True confession #1: I do not have a favorite NFL team. That is not to say that I don’t like the NFL, I do. I play Fantasy Football, I watch the games, highlight shows, etc, I just don’t have one team with whom I have a passionate rooting interest. I have close friends who are fans of the New Orleans Saints and the New York Jets, and so I will root for them if they’re playing and while I don’t love the Cincinnati Bengals, I believe the NFL is more fun to watch locally when they are playing well. But a favorite team? No.

True confession #2: I do not have a favorite NBA team. The same holds true for the NBA as I stated for the NFL above. There are teams and players I like, mostly UK related but not always, but I do not live or die with any one team’s outcomes. I watch, I read, I talk about it, but I do not have a favorite NBA team.

Why am I telling you all of this? Mainly because the number one sports story for the past few months has not been Major League Baseball, Wimbledon, or even the NBA Finals, but instead the lockouts that are currently going on in the NFL and the NBA. The NFL lockout (rumored to be ending soon at press) has been going on the longest and if you watch ESPN or listen to ESPN Radio, then you realize that no amount of NFL news is considered too small. In fact, you could say that ESPN covers the NFL lockout with the same insane fervor that cable news covered Casey Anthony. The NBA lockout, while just a few weeks old, is already threatening to undo the tremendous momentum that league has received over the past 12 months (this is known as the “LeBron Wave” because since The Decision, the hatred against LeBron and the Heat have driven ratings and interest for the NBA). As a teacher with some downtime this summer ( the Cubs were eliminated from the playoffs about the 2nd day of the season) and a passionate sports fan, you would think that I would be worried/stressed/obsessed with the idea that two of the biggest sports leagues in the world would not have games next year. Well, you’d be wrong.

I feel like I should care more about the potential for two seasons of professional sports being canceled, but I don’t. Lexington is a college town, a point I think is fairly obvious, but Kentucky is also a college state. We are surrounded by professional teams in Ohio, Indiana, Tennessee, Illinois, and Missouri, but none of these professional teams, even the Bengals who have training camp in Georgetown are Kentucky’s team. We have successful, championship level, athletic squads at all levels of the NCAA from high Division I to Division III and the NAIA from one end of the state to the other. Maybe this is a bit defiant, since Kentucky has had professional teams in the past (the Kentucky Colonels) and Louisville has attempted to lure them since, but do we really need a professional team? North Carolina is similar to Kentucky in that they have a passionate following for college basketball and several in-state schools which are successful.

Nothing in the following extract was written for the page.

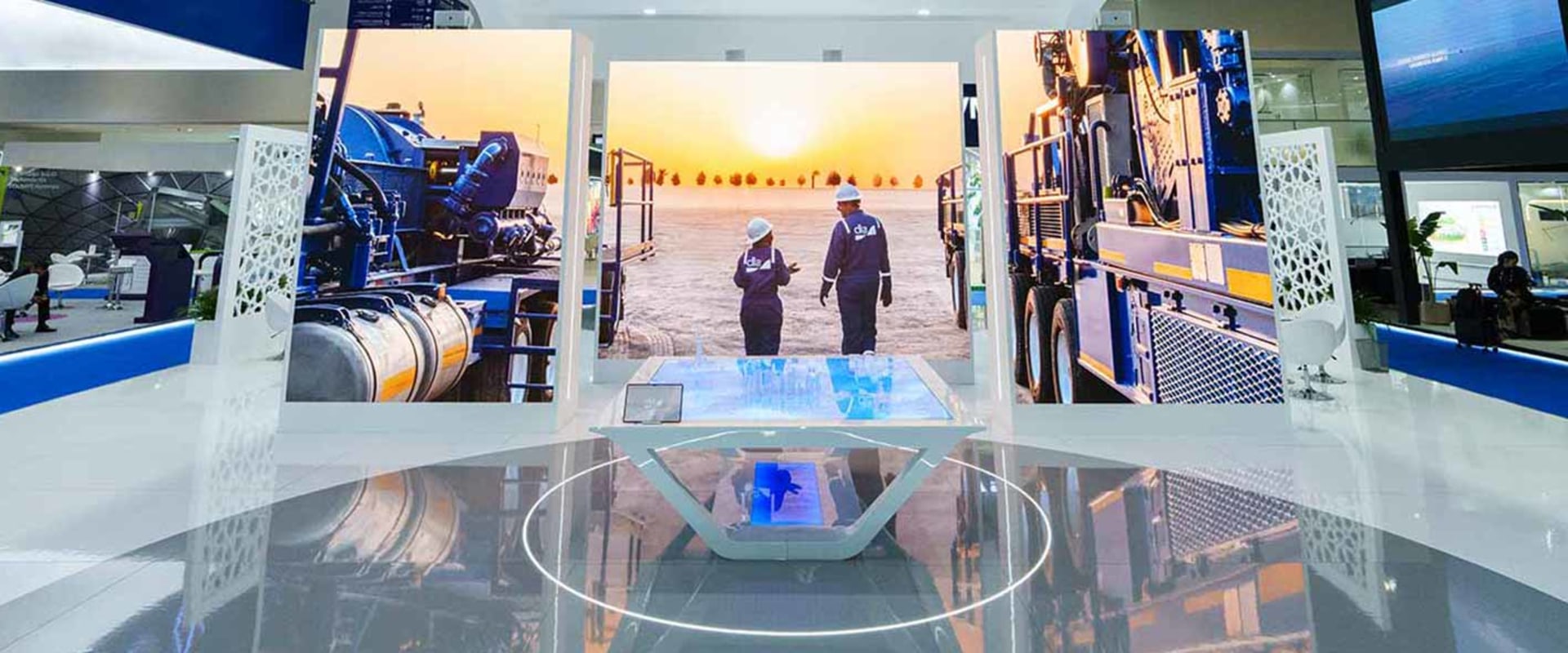 Trade Shows and Conferences: Connecting Businesses in the Supply Chain Industry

They have had one NBA team fail there and move to New Orleans, and the second team (BTW- putting a 2nd team in Charlotte after the first one crapped out is probably one of the reasons the NBA owners are losing money) is consistently in the bottom 10 of attendance. Obviously the worst Charlotte Bobcat
team would beat the best North Carolina or Duke team, but do you think the people there really care? If Louisville had an NBA team going 30-52 while UK and UL were both ranked, which team do you think people would care more about?

What I have learned during the NFL and NBA lockout is that while I am a huge sports fan who reads, watches, and listens to sports whenever possible, for the most part (outside of the Chicago Cubs), UK and college sports are where my passion, and I would imagine the passion of most Lexingtonians, lies. There is not an NBA team that can make me feel as great as I felt when DeMarcus Cousins tipped in the tying basket in the 2010 SEC Tournament and there isn’t an NFL team that can make me feel as bad as when the UK football team loses (AGAIN) to Tennessee. College sports are far from perfect (the ruling body is inconsistent and just plain dumb sometimes, the players are way undercompensated, D-1 football needs a playoff) but they are our sports. And at least you know they won’t cancel the season.